Closed PhilMiller closed 9 years ago
Original date: 2014-09-19 18:11:31
Anirudh asks via email:
How do I reproduce the build error in https://charm.cs.uiuc.edu/redmine/issues/549 ?
By MPI build are we referring to MPI code compiled with AMPI?
First, a quick note on our bug tracker usage: Please keep follow-up inquiries in Redmine, so that the problem-solving process can be as transparent as possible for other members of the lab, users reporting trouble, and anyone else interested in our development efforts. If something would involve private information, the 'Private notes' box can be checked.
The error in question can be reproduced by attempting to build the Charm++ RTS itself with the MPI network layer on an MPI implementation that exposes the (now deprecated) MPI C++ bindings. This is most often the case on MPICH and derivatives, such as Intel MPI. An example build command would look like
./build charm++ mpi-linux-x86_64
I believe we keep OpenMPI installed on the lab workstations. This would perhaps be easiest to reproduce and work out on a system with Intel's MPI installed, perhaps Taub/Golub or Stampede. You'll need to configure your environment with the right modules, according to their documentation (ask for help with this if needed).
The desired outcome of this issue is that we have an added check in our configure
script that, when building for an MPI network layer, tests whether the MPI implementation exhibits this issue, and adds the flags
-DMPICH_IGNORE_CXX_SEEK -DMPICH_SKIP_MPICXX
accordingly.
Original author: Anonymous Original date: 2014-10-03 15:57:55
Unable to reproduce the issue.
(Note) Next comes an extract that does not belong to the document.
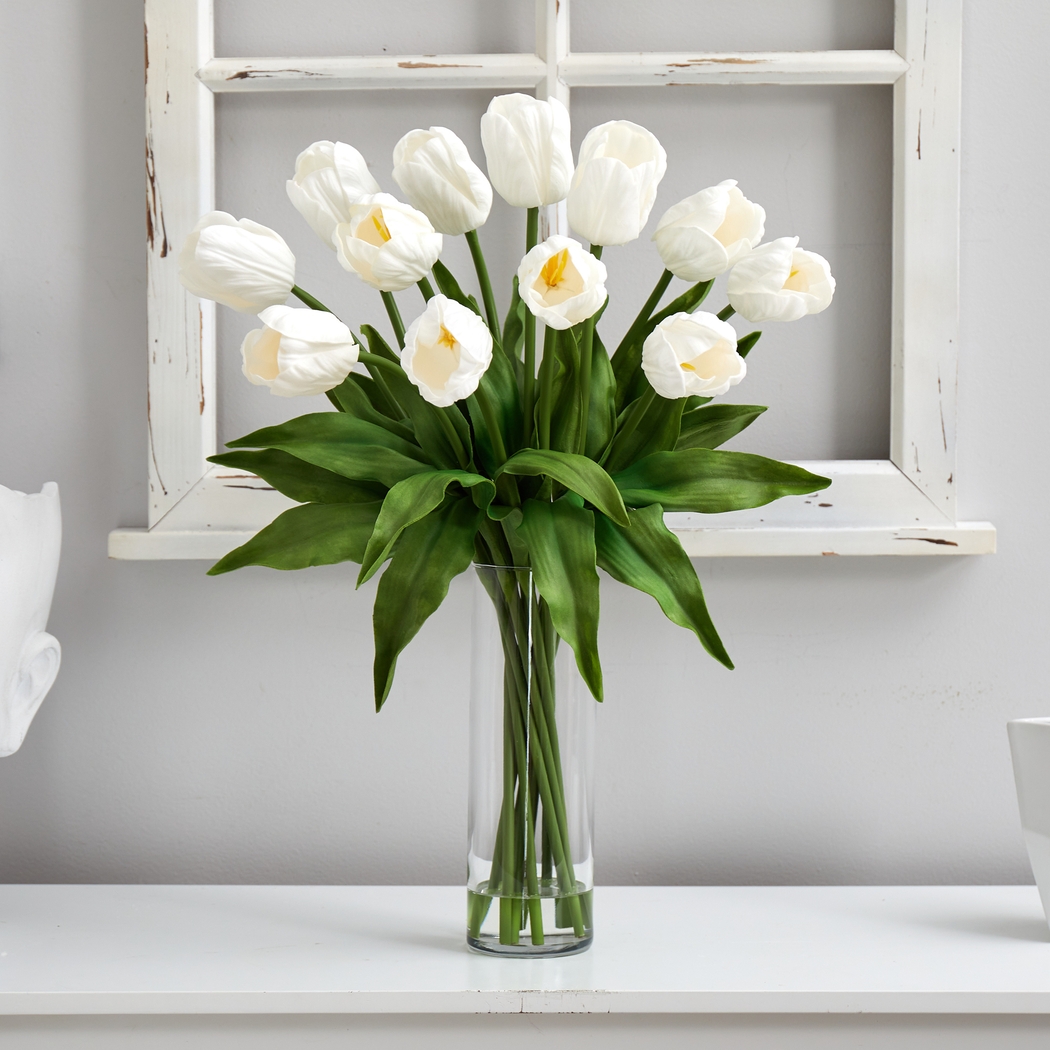 Glennan White Floral Arrangement with Vase - Thumbnail - Image 3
Taub has two mpi versions(mvapich2 and openmpi). I tried it on hopper. The compilation went through(PrgEnv-intel and PrgEnv-gnu). I'm not sure about the mpi version hopper has. I don't find any information in the manuals.
I don't have an account on stampede. I was thinking of installing mpich on my workstation locally and see if the error appears.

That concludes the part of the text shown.